Le 1er novembre, les burkinabè nettoient leur capital Ouagadougou et en retirent d’ailleurs une grande fierté. Cette insurrection leur avait fait retrouver leur dignité, comme si elle avait permis de laver la honte d’avoir supporté le régime précédent si longtemps ! Une déclaration signée par des associations de la société civile et des partis politiques appellent à une manifestation pour le 2 novembre afin d’exiger une transition civile.
Finalement de très larges discussions vont s’engager avec l’ensemble des forces vives du pays, associations de la société civile, autorités religieuses, autorités coutumières, partis politiques, armée qui vont aboutir, par consensus de tous, à la mise en place du conseil national de la transition, qui compte 25 militaires sur 90 membres, à l’adoption d’une charte de la transition « inclusive », nous en avons déjà fait l’analyse dans un papier précédent, à la constitution d’un gouvernement qui va compter 4 militaires et la nomination d’un président civile. On pourra se reporter sur cette période à http://blogs.mediapart.fr/blog/bruno-jaffre/171114/le-burkina-adopte-la-transition-apaisee-et-inclusive. Alors le terme « coup d’Etat militaire » est-il pertinent pour désigner la mise en place du pouvoir de la transition ? Même ceux qui avaient appelé à la manifestation le 2 novembre n’emploient plus ce terme. Il faut être en France pour entendre ce qualificatif pour caractériser la transition. Et c’est bien ce que nous voulons signifier à la fondation Gabriel Péri par ce petit papier .

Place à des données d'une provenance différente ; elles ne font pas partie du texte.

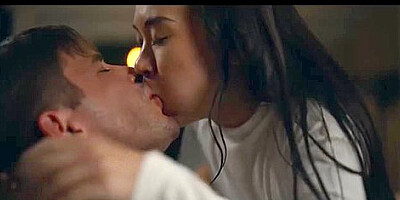 May Thai, Rough Sex And Amirah Adara - Hot Chicks Mind Controlled By Alien Monsters - Wild Lesbian Sex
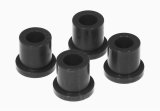 Prothane 79-88 Toyota P/U / 4Runner 4wd Rear Frame Shackle Bushings - Black thumbnail 1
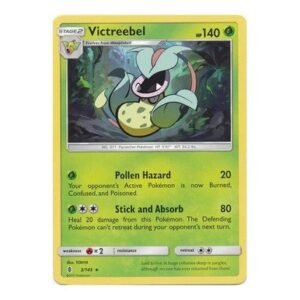 SM Guardians Rising 3/145 Victreebel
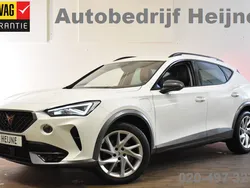 Wit Gebruikt 2022 Cupra Formentor SUV | € 25.945 (Super prijs)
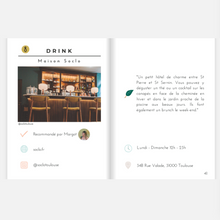 Charger l'image dans la galerie, Toulouse - guide papier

Je suis sorti de ce débat avec un profond malaise. La salle était pleine et l’assistance est partie pour l’essentiel avec l’idée que les militaires avaient tout manigancé et contrôlaient tout. De là à conclure qu’on était en présence d’une dictature militaire ! Quel dommage ! Espérons que la fondation Gabriel Péri saura en tirer les conséquences.

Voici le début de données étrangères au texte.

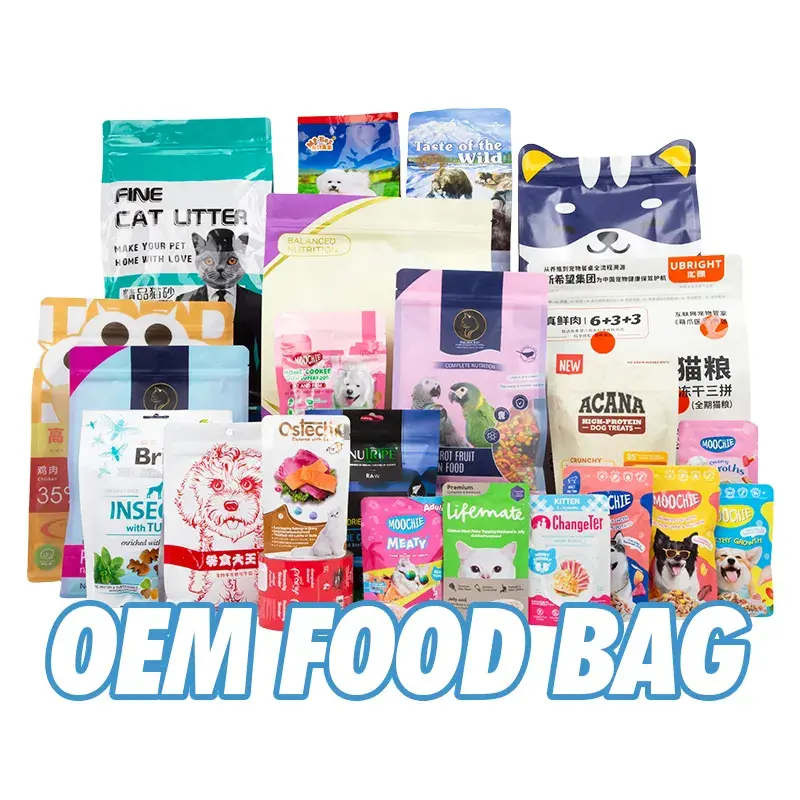 Pets Food & Care Bags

Pourtant si une chose pourrait caractériser la transition c’est bien le partage des pouvoirs, institutionnels, mais aussi hors des institutions, car des associations comme le Balai citoyen et d’autres, sont des contre-pouvoirs dont le pouvoir tient compte. C’est la raison pour laquelle cette transition est une situation ouverte et qu’elle est bien autre chose que le résultat d’un coup d’état militaire. Nous y reviendrons.